Quienes apelan a la violencia, represión, intolerancia, confrontación en contra de quienes militan en partidos políticos distintos al de su militancia, de igual manera contra personas pertenecientes a otras etnias y culturas, y a las y los que se afilian a la diversidad sexual, deben ser objeto de repudio y sanción penal, en cualquier país y circunstancia. No deben fabricarse atenuantes para evadir la responsabilidad incurrida.
Sus excitativas a pasar de las palabras a los hechos pueden fácilmente conducir a resultados trágicos que profundizan y exacerban las diferencias existentes, pretendiendo polarizar en vez de unificar a sus semejantes, con consecuencias imprevisibles para la pacífica convivencia y la gobernabilidad, desestabilizando a tal extremo que puede desembocar en guerra fratricida en que la acción conduce, inevitablemente, a la reacción, en escaladas que desembocan en represalias, al ojo por ojo, diente por diente.
Nuestro pretérito confirma tal aseveración de manera dramática.
Este año se evoca el centenario de la guerra civil más devastadora en nuestros anales históricos: la acaecida en 1924.
Masacres múltiples: La Ahorcancina, San Juan, San Pedro Sula; La Talanquera, Santa Clara; golpes de Estado: 1904, 1956, 1963, 1972, 2009; elecciones fraudulentas.
Honduras se encuentra hoy enfrentada consigo misma, en nuevo ciclo de extremismos ideológicos conducentes a la desintegración social, al canibalismo, al hermano contra hermano.
Asimilemos los yerros del pasado para no volver a repetirlos.
Muy oportuno lo declarado por la Alta Comisionada de las Naciones Unidas para la Defensa de los Derechos Humanos: “Las palabras pueden convertirse en armas y conducir a la crueldad y la violencia. La incitación al odio es un peligro para todos y combatirla es tarea de todos.”
El respeto a la heterodoxia, al derecho ajeno, revela madurez. Lo contrario evidencia inmadurez, irreflexión, revanchismo.
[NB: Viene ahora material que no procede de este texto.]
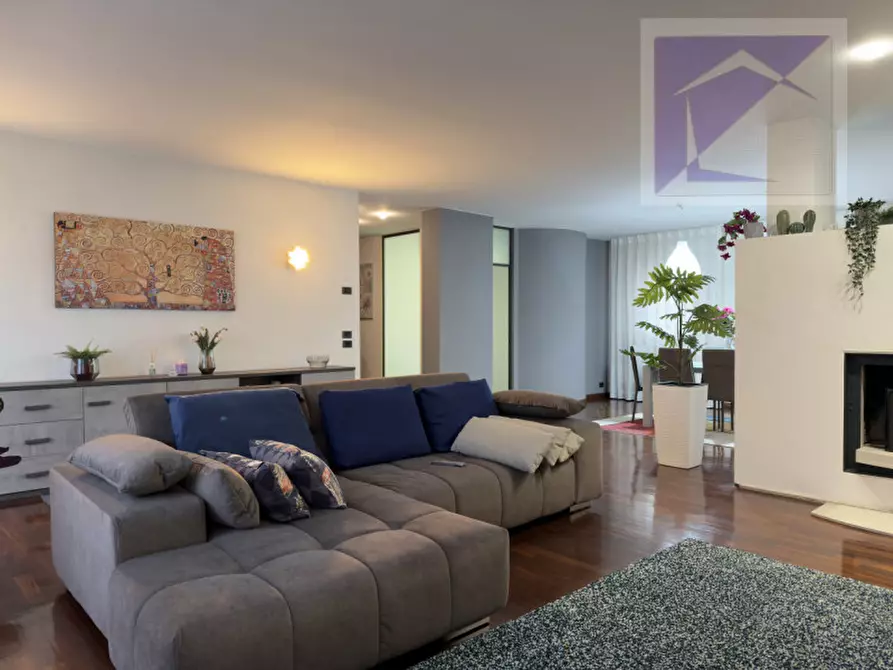 Immagine 11 di Attico in vendita  a Camposampiero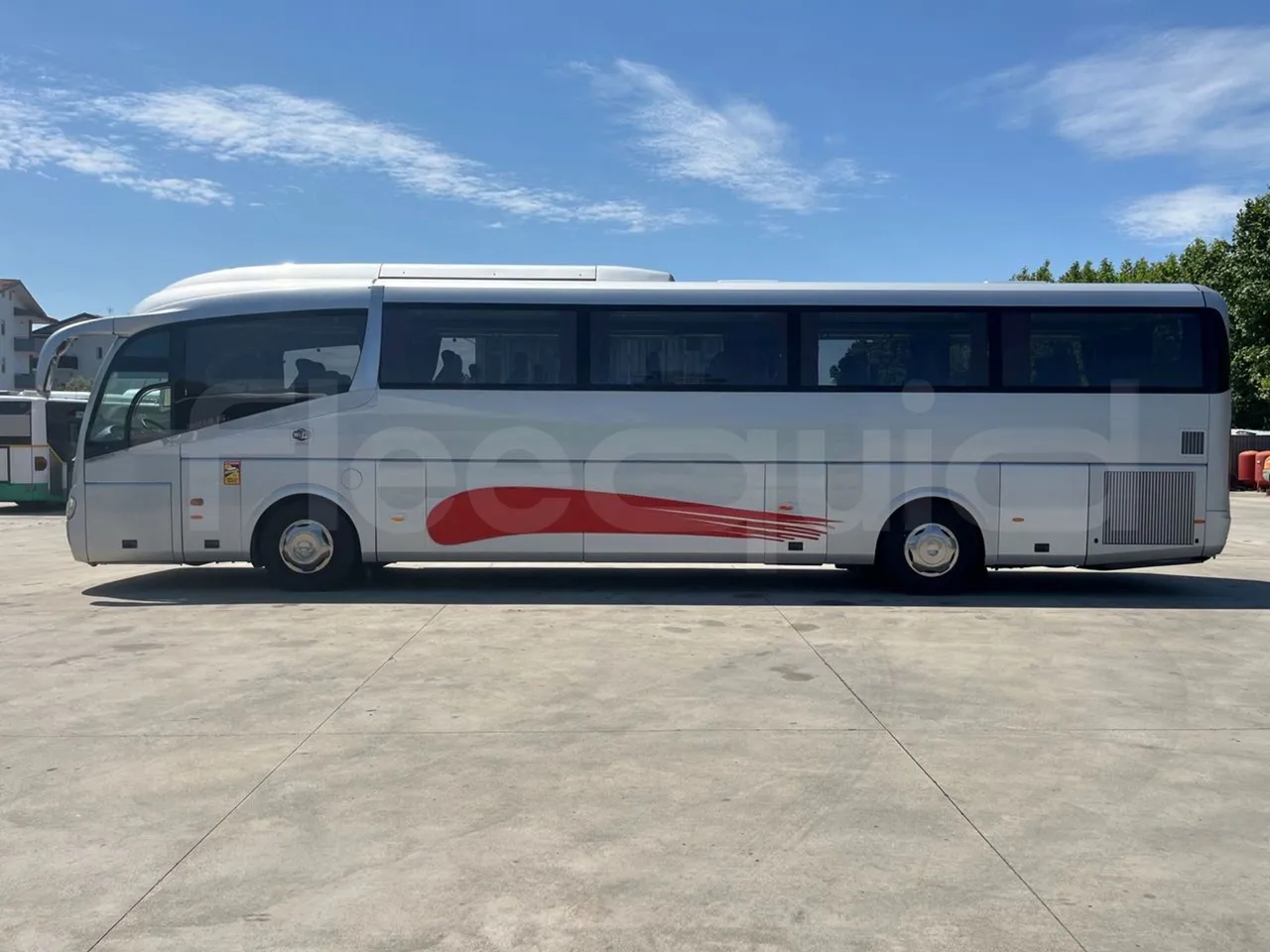 Irizar Scania - left side photo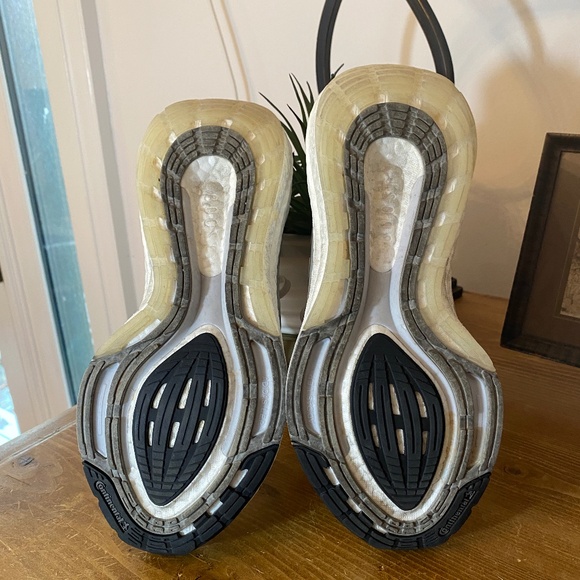 Adidas Primeblue Ultraboost Grey and White Sneakers - Size 8 - Picture 9 of 15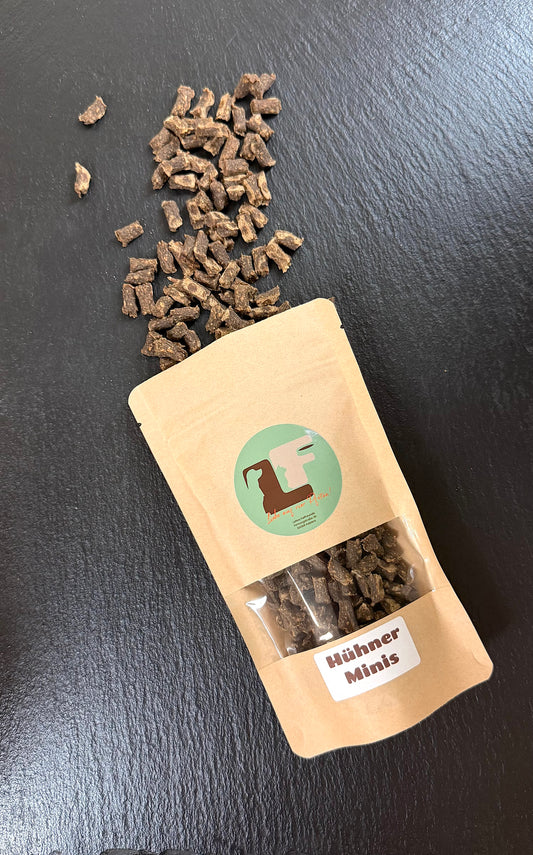 Halbsofte Hühner-Minis Trainingssnacks für Hunde aus 96% Hühnerfleisch von Lottes Fellfreunde.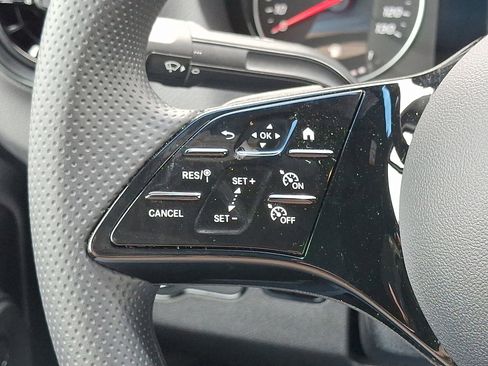 Used 2025 Mercedes-Benz Sprinter 2500 image 21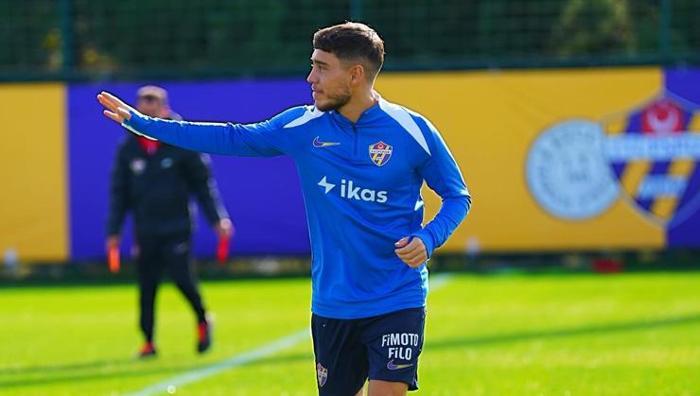 FENERBAHÇE’NiN KiRALIKLARININ 5’i GENÇ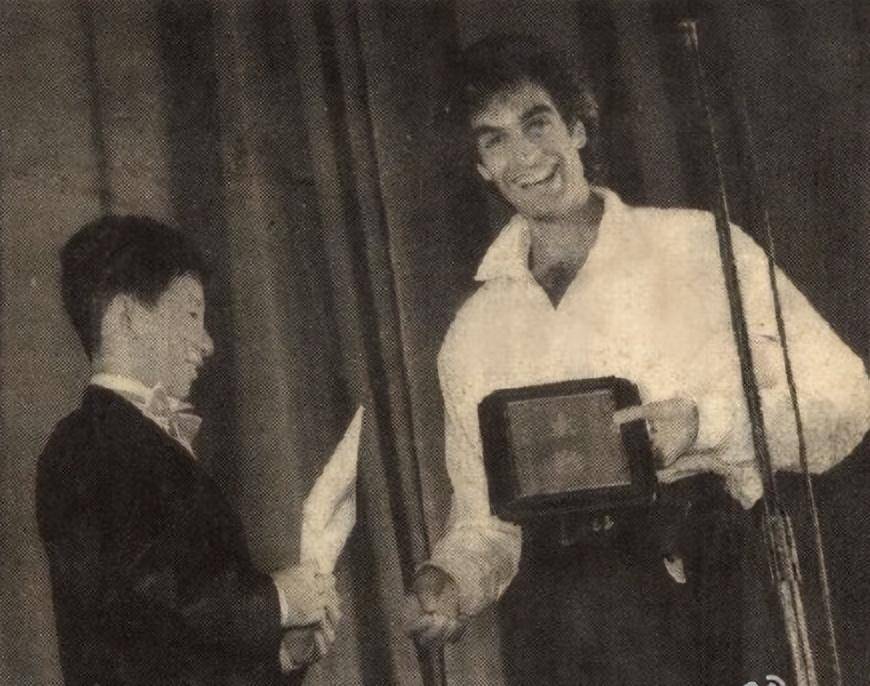 一年“不良嗜好”已戒掉却略显憔悴瓦力棋牌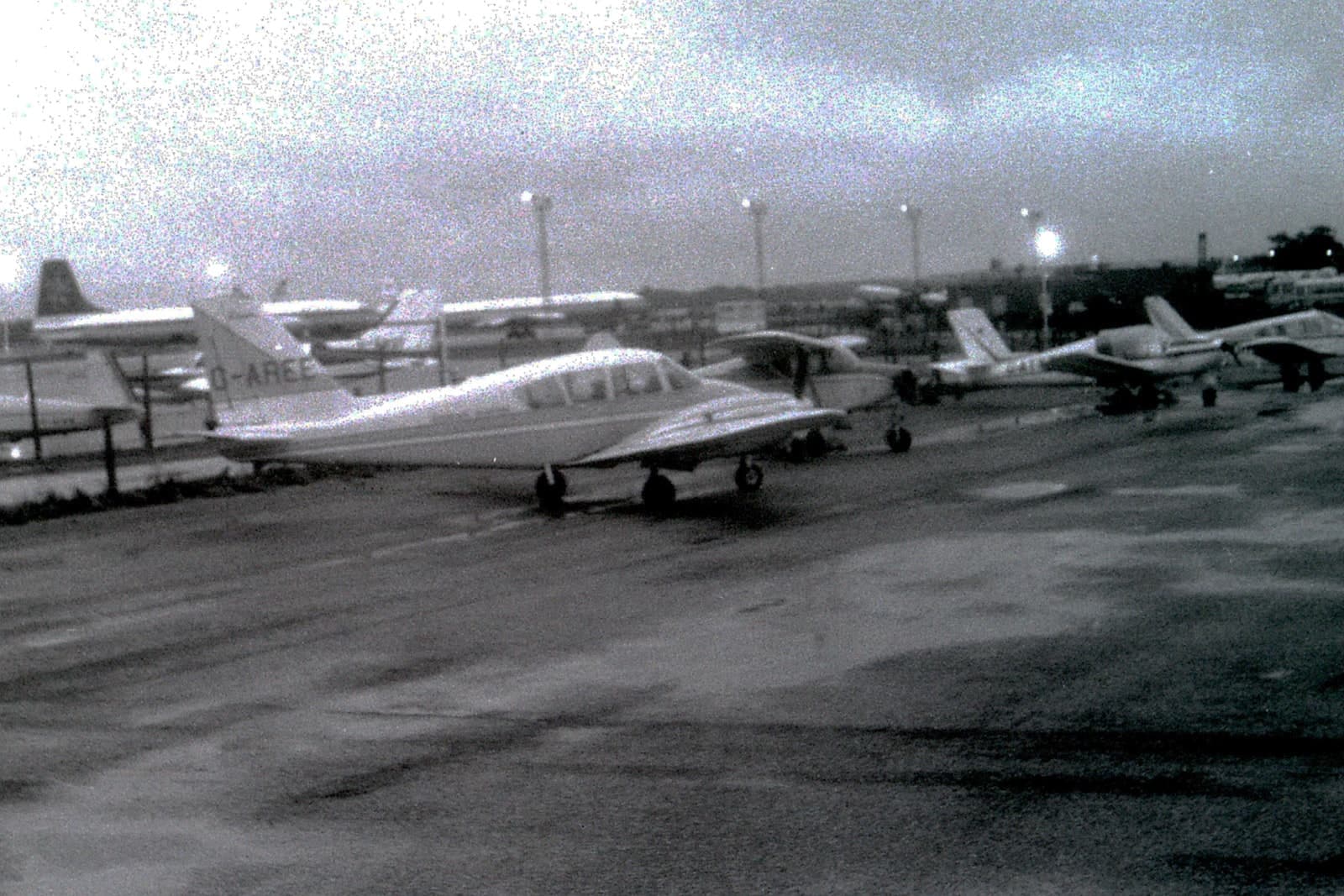 G-AREE — Aircraft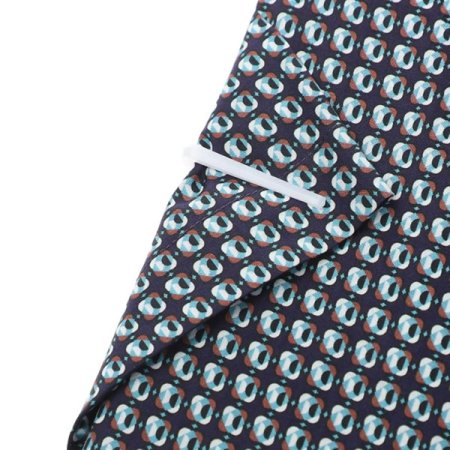 평직 그라운드에 컬러감의 프린트한셔츠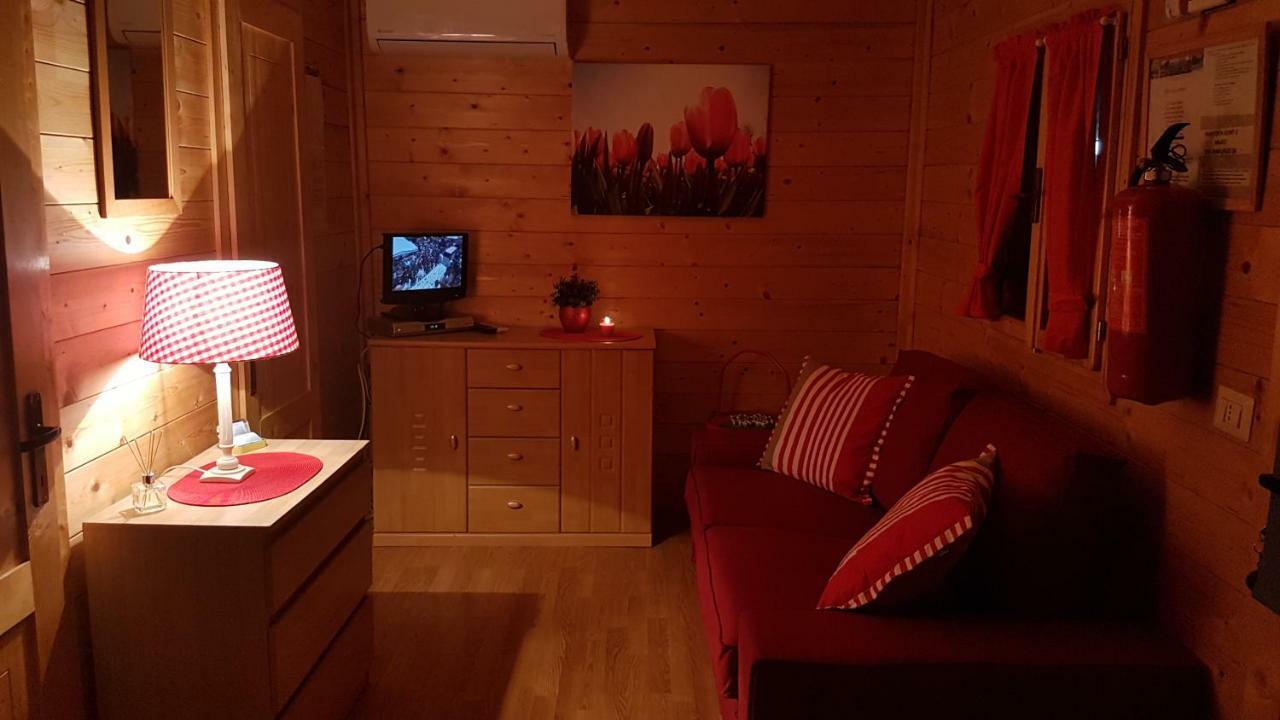 ポルレッツァ Chalet Lake Lugano, Vienna 18ヴィラ エクステリア 写真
Se lanza la piedra y se esconde la mano, para luego intentar minimizar la gravedad de lo proferido, ofreciendo excusas infantiles.
El poder absoluto obnubila, genera arrogancia, prepotencia, arbitrariedades reñidas con la ética y la ley.
En este sentido, la Organización de las Naciones Unidas reitera la importancia de combatir todos y cada uno de esos discursos que incitan al odio, recordando que su impacto puede ser devastador para la cohesión social y los derechos humanos.